The video alleges, with subtitles, that while Mauer was on second base during Jason Kubel's at-bat in the sixth inning against Justin Verlander on Tuesday night, he was letting Kubel know which pitches were coming. The video suggested that Mauer was touching the ear flap of his helmet to signal curveball and the front of his face to signal fastball.
"It's a joke," Morneau said of the video. "It's funny, because you can look at anybody standing on second base and make a connection that if he's standing like this, he's giving pitches."
"That's why we're three games back -- we're stealing signs," manager Ron Gardenhire said before Thursday's 8-3 win over the Tigers. "We scored two runs last night; we stole a lot of signs."
Kubel wound up hitting a sacrifice fly in the at-bat to score a run. But if Mauer was giving him signs, Kubel said he was unaware.
"I certainly wasn't looking for anything," Kubel said. "That wasn't the way it was."

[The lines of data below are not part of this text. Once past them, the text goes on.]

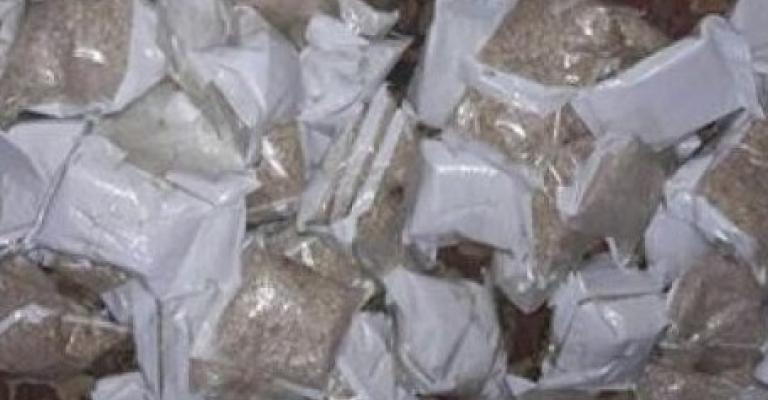 ضبط 200 ألف حبة مخدرة قرب الحدود الشمالية ضبط 200 ألف حبة مخدرة قرب الحدود الشمالية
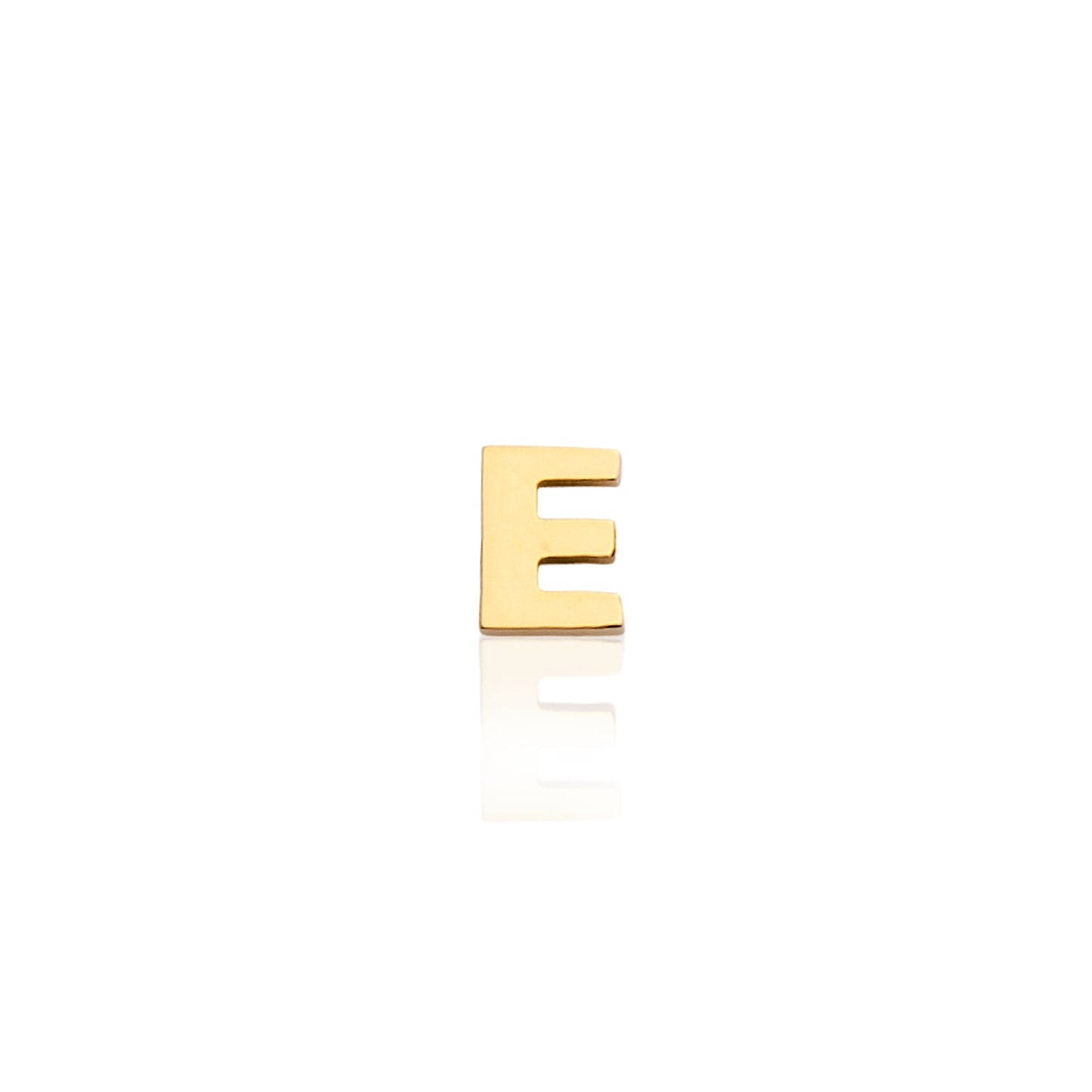 Mini Letter & Heart Birthstone Layered Necklace Set (Gold)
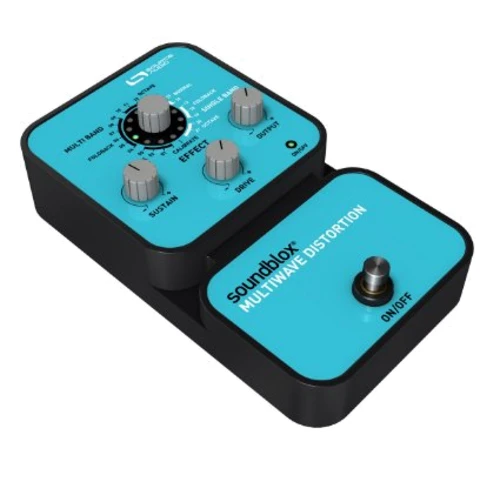 Педаль гитарных эффектов Гитарная педаль эффектов Source Audio SA120 Soundblox Multiwave Distortion: Производитель Source Audio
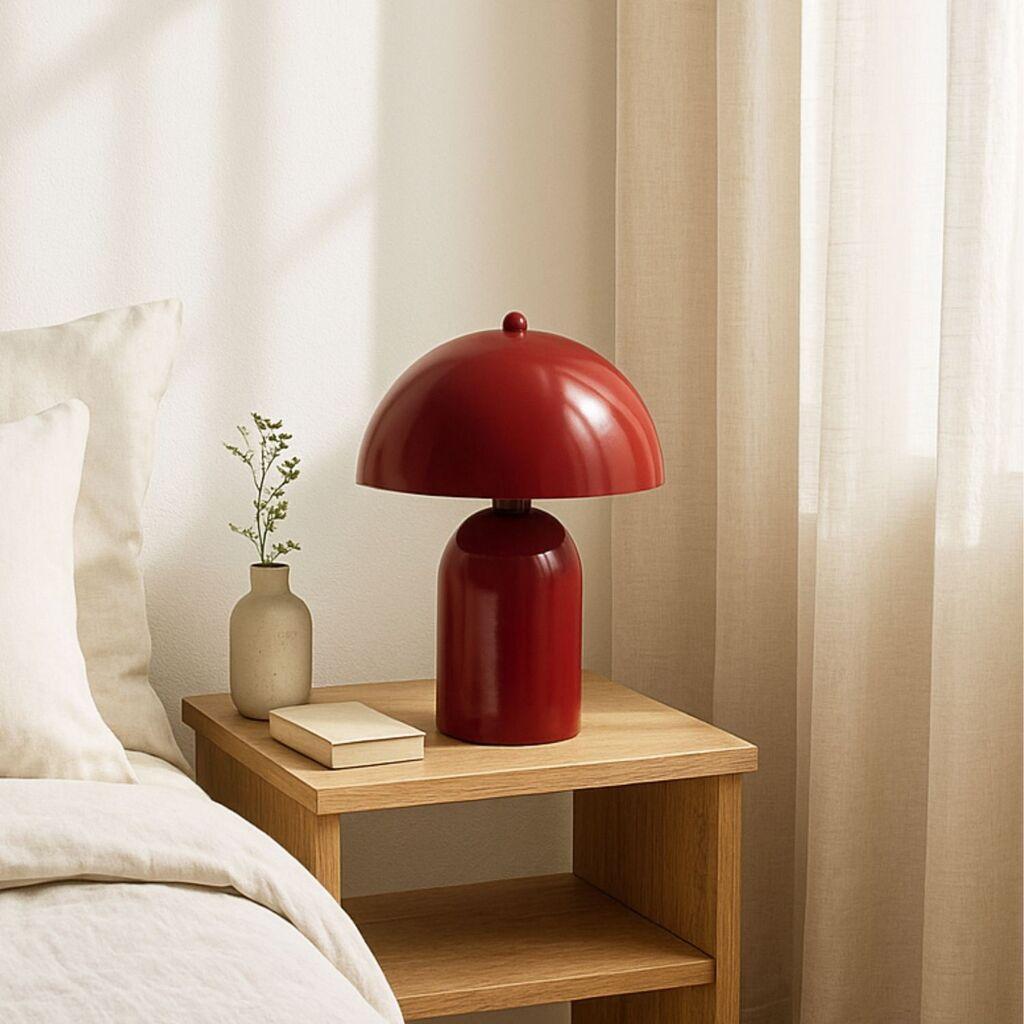 Opviq Stona lampa, Crvena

Mauer denied the accusations of the video, saying that touching the ear hole on his batting helmet is "just a habit of mine. I've always done it. I don't know why, but I do."
Throughout the visitros' clubhouse at Comerica Park, the Twins were watching the video on their computers and phones. It seems others were watching as well, since Mauer said he heard chants from the crowd during the game.
"I got out on the bases today and at first base, I heard, 'You cheater,'" said Mauer, who admitted he was a little more self-conscious about his gestures while on base. "And I'm like, 'Where is this coming from?' I don't know. It's just kind of funny."
"I wish I had the signs, especially with a guy like Verlander. You can use all the help you can get. But I didn't have them at that point."
While many players, including Mauer, got a chuckle out of the video, Kubel pointed out that some of the subtitles were incorrect on what pitches were being thrown.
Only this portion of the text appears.